In 2009, the Madhya Pradesh government and the Union Government made proposals to build a memorial of the gas tragedy, but the proposals failed.

The Remember Bhopal Trust was formed in 2012 by survivors of the disaster and activists campaigning for restitution for the victims of the disaster. It was formed with the aim of helping sustain the memory of the incident, and to organise commemorative activities, with a focus on the concerns of the victims and survivors of the disaster.

On 2 December 2014, the Remember Bhopal Museum was opened by the Remember Bhopal Trust. The museum is located in a converted flat near the site. According to its curator Rama Lakshmi, it is the first museum in India focusing on a "contemporary social movement for justice". The project, which was the trust's first, is co-ordinated by Shalini Sharma.

== Exhibits ==
The museum exhibits artefacts, oral histories, photographs, protest songs and campaign posters that have emerged in the movement for justice for the victims of the Bhopal disaster.

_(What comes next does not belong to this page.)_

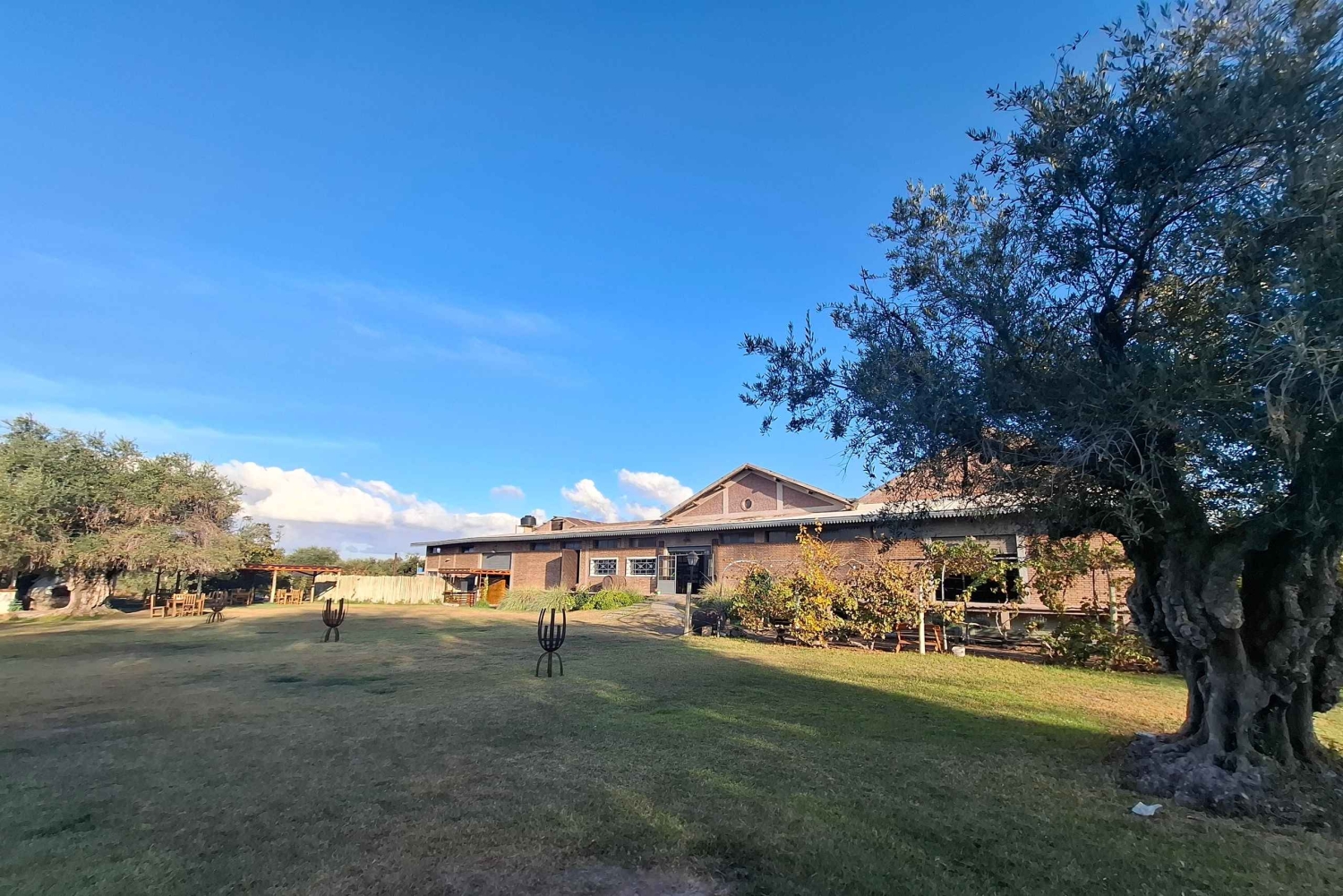 Мендоса: частный тур по винодельням с завтраком, игрой по смешиванию и обедом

The survivor groups have worked with Lakshmi and other museum professionals to design and create their own memorial museum, filled with posters, photographs, and artefacts, such as a small victim’s dress, a stopped pocket watch–donated by the families of victims and survivors. Survivors have given to the museum personal objects that are often their last tangible link to those who died because of the gas leak. Many others have recounted their harrowing tales of survival and struggle. The museum’s narrative is shaped by their stories and objects.

== Administration ==
The central goal of the Remember Bhopal Museum is to focus on the voices and concerns of the survivors, as opposed to the government or the industry, in museum or memorial projects.

Rama Lakshmi, Washington Post's India correspondent (and also a museologist) is the curator of the Remember Bhopal Museum.

The museum is housed in a rented building, owned by a disaster-affected family, around 2.5 km away from the Union Carbide factory.

The museum does not accept any government or corporate funds.